> **Directions**
Apart from the pictures, print the data below exactly as given.

> **Data**
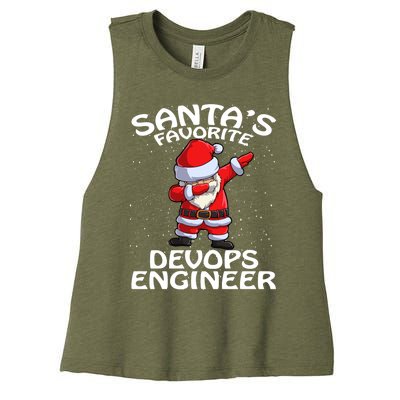 SantaS Favorite Devops Engineer Christmas Gift Women's Racerback Cropped Tank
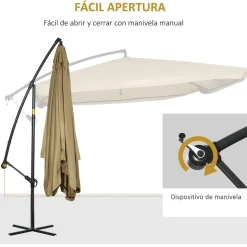 Sombrilla de jardín Vila Outsunny excéntrica + mosquitera beige 265x296 cm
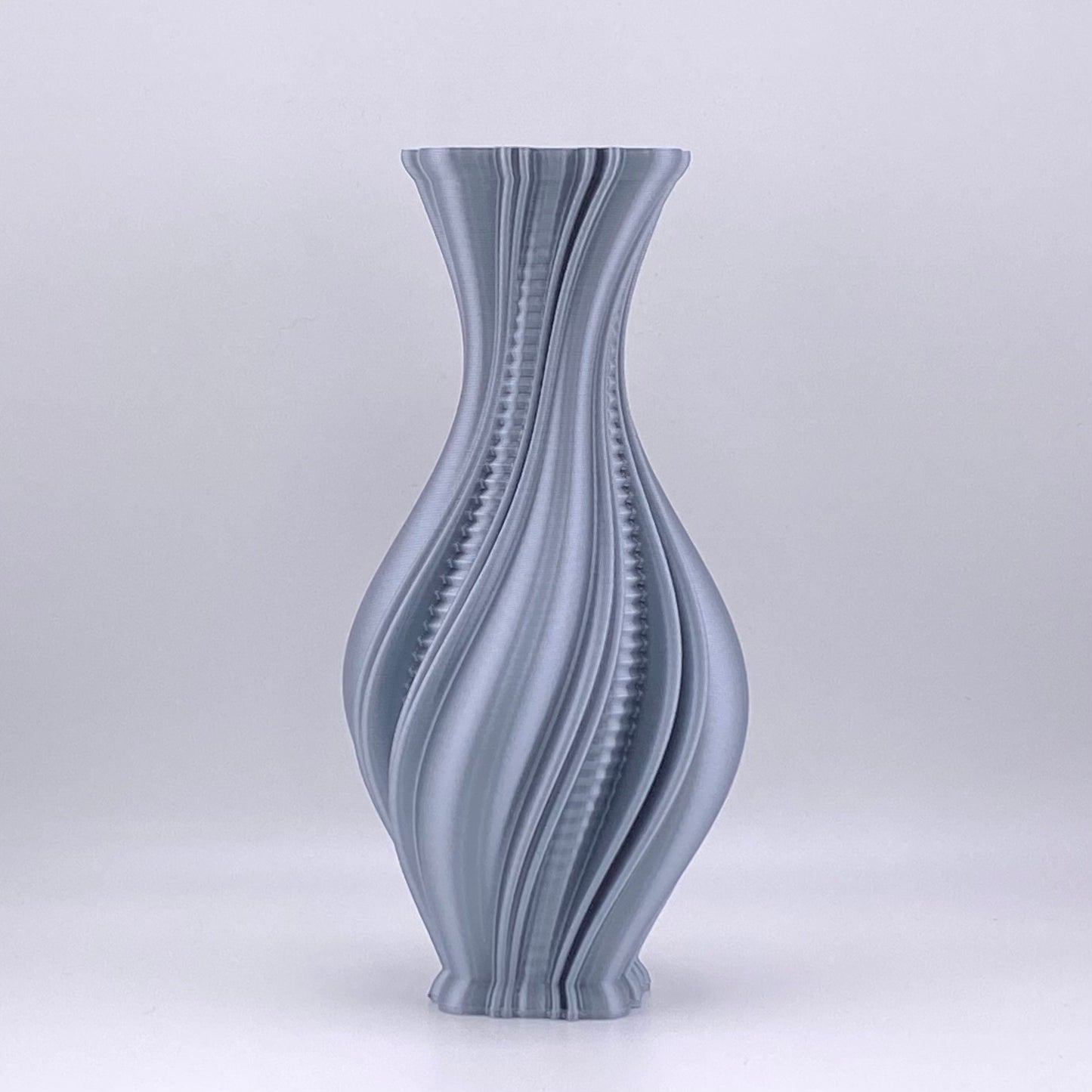 Resplendence Vase 3D printed in Liquid Silver glossy filament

> **Solution for this exercise**
 SantaS Favorite Devops Engineer Christmas Gift Women's Racerback Cropped Tank
 Sombrilla de jardín Vila Outsunny excéntrica + mosquitera beige 265x296 cm
 Resplendence Vase 3D printed in Liquid Silver glossy filament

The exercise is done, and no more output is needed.